No picture belongs in the answer, which must hold exactly the lines from the one with "3 D Piggy Bank" through the final line below.

▶ RAW DATA:
--*--

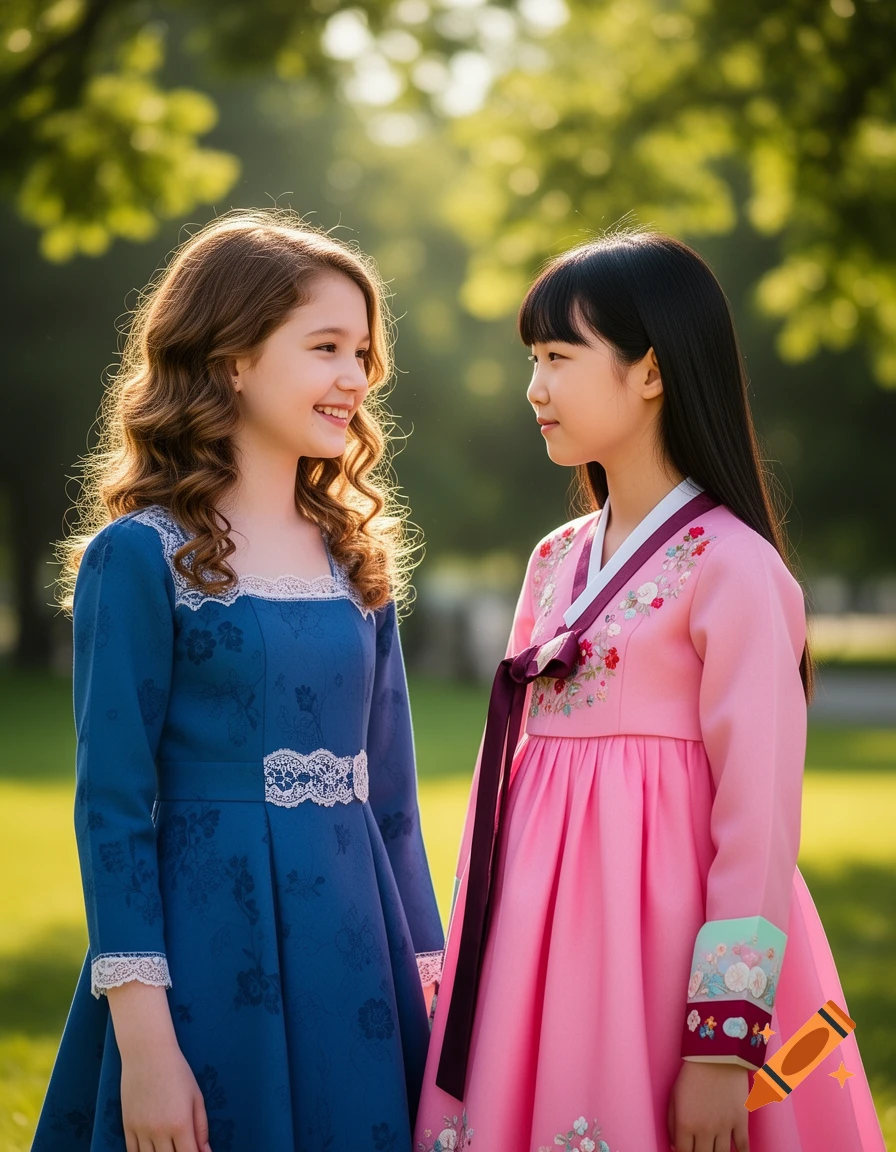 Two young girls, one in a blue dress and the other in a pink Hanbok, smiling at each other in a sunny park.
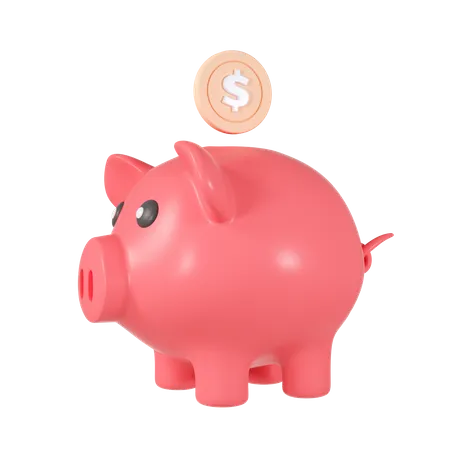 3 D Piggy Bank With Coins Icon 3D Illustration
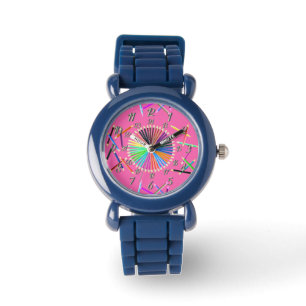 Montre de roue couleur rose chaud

--*--

▶ RESULT:
 3 D Piggy Bank With Coins Icon 3D Illustration
 Montre de roue couleur rose chaud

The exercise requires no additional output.